*DATA RECORDS*:
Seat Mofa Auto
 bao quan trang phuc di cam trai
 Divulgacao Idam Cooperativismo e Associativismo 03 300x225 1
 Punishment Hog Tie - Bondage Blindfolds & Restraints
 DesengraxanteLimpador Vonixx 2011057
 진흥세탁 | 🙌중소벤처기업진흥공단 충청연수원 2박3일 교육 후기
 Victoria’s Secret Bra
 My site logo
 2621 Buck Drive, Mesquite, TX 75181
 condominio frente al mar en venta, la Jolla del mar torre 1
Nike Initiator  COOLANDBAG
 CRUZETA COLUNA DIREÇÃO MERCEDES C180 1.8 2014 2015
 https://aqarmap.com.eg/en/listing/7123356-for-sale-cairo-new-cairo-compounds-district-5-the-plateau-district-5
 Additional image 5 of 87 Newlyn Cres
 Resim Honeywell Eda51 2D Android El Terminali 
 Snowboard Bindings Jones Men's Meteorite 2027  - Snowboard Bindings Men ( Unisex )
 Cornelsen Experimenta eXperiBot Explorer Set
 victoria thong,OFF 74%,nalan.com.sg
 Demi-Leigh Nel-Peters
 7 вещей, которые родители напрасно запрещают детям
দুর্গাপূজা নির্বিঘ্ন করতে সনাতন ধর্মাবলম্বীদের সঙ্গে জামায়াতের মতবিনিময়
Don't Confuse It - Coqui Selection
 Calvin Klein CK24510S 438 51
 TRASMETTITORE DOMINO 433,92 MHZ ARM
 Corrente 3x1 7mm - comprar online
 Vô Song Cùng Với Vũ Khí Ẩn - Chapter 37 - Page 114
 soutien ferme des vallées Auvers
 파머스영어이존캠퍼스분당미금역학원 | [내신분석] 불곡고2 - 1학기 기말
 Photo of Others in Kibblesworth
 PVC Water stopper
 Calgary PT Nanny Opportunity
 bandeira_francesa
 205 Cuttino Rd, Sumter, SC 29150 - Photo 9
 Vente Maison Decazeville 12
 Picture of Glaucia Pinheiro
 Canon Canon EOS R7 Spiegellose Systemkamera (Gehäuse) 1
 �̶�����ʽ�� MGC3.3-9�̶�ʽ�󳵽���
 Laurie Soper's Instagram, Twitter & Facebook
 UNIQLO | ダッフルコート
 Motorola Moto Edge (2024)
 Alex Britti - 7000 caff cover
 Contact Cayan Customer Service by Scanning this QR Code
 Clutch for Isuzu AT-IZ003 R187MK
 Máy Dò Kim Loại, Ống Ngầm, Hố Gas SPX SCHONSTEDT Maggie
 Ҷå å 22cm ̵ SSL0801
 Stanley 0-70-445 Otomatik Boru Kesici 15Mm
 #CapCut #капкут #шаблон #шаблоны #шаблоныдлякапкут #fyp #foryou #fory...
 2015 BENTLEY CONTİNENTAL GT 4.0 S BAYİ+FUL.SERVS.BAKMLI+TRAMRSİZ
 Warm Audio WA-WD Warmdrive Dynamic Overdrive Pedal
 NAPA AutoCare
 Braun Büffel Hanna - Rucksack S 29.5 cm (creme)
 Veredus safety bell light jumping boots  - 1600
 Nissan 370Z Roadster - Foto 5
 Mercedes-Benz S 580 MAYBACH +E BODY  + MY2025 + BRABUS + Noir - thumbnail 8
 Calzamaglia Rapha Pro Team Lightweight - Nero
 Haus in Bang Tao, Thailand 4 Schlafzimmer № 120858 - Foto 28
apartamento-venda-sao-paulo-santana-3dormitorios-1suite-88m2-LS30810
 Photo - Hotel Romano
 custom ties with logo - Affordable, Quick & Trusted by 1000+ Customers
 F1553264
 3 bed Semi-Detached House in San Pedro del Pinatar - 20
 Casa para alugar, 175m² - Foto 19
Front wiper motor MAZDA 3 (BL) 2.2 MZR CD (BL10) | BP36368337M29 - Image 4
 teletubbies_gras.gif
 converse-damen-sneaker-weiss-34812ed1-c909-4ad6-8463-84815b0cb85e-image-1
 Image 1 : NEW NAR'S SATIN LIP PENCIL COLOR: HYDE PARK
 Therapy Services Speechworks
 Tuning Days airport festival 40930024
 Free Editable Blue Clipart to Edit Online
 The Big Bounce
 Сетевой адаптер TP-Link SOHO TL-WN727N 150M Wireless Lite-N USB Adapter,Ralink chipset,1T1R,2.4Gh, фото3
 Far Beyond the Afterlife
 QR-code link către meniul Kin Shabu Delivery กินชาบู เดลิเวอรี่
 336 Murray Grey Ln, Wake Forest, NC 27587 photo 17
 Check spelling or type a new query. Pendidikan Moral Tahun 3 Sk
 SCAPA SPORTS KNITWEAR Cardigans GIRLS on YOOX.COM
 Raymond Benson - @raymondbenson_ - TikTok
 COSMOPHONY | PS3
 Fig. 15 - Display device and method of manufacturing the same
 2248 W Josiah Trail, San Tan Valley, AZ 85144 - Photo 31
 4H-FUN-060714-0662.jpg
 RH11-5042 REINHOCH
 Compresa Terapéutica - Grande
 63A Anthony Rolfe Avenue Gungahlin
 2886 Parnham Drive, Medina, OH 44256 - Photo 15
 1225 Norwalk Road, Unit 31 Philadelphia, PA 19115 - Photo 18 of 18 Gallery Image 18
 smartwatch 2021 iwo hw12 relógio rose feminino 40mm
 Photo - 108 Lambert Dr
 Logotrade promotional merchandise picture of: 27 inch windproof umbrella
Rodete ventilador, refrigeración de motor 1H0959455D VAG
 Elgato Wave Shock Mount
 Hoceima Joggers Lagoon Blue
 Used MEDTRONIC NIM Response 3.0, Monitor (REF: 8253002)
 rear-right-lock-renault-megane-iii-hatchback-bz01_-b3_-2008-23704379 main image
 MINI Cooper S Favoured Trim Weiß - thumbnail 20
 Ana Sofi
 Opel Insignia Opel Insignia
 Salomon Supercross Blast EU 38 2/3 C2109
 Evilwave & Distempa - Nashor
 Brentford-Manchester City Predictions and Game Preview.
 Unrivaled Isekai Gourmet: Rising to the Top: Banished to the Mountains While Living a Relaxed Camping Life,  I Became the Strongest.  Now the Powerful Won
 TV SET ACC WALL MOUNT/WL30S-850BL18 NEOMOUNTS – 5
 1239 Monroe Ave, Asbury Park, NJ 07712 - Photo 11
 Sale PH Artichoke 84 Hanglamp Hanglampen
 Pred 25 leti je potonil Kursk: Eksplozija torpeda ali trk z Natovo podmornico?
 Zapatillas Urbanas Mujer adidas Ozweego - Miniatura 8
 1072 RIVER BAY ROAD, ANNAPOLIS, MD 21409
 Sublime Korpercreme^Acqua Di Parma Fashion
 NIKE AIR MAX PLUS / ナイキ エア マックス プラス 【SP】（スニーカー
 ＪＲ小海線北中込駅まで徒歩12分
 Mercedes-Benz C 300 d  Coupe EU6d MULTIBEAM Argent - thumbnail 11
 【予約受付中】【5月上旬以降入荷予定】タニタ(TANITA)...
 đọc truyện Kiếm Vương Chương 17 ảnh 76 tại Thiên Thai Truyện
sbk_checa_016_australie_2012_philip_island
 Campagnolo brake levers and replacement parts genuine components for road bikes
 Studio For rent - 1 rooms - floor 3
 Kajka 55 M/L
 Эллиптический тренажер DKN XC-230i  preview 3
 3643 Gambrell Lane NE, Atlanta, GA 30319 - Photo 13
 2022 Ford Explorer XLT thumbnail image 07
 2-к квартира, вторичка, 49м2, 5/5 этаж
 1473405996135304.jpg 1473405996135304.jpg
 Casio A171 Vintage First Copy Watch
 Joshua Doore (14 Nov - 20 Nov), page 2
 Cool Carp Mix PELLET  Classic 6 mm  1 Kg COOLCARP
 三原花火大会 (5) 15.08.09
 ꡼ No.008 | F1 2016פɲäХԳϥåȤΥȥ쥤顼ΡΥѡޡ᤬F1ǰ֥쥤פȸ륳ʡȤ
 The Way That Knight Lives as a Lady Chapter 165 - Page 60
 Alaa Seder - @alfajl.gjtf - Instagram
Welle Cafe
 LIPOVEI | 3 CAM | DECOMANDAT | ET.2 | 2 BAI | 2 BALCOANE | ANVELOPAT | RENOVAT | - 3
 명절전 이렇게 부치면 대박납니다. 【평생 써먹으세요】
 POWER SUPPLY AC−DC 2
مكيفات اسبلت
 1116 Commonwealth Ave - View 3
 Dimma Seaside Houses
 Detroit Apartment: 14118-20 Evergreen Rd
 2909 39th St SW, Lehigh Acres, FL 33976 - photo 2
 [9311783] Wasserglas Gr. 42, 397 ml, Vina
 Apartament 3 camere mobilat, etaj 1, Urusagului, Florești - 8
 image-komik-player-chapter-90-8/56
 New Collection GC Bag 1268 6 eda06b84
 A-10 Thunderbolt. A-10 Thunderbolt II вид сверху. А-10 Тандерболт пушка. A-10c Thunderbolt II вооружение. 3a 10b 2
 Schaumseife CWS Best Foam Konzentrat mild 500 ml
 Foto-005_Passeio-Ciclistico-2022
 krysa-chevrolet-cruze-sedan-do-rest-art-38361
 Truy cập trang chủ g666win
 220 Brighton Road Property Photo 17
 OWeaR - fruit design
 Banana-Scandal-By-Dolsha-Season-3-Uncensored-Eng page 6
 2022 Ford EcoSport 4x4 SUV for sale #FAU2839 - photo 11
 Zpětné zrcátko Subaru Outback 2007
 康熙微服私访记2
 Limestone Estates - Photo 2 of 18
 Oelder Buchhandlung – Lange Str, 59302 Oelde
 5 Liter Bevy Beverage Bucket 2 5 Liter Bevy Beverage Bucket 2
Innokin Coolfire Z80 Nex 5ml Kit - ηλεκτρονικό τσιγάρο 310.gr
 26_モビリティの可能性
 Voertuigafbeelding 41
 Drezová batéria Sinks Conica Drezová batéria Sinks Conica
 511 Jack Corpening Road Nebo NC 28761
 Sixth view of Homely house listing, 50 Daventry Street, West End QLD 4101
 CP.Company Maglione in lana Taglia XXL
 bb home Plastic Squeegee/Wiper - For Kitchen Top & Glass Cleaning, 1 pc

*WORK INSTRUCTION*:
What lines of the material above include "Benz"? Copy each one.

*FINISHED TASK*:
 Mercedes-Benz S 580 MAYBACH +E BODY  + MY2025 + BRABUS + Noir - thumbnail 8
 Mercedes-Benz C 300 d  Coupe EU6d MULTIBEAM Argent - thumbnail 11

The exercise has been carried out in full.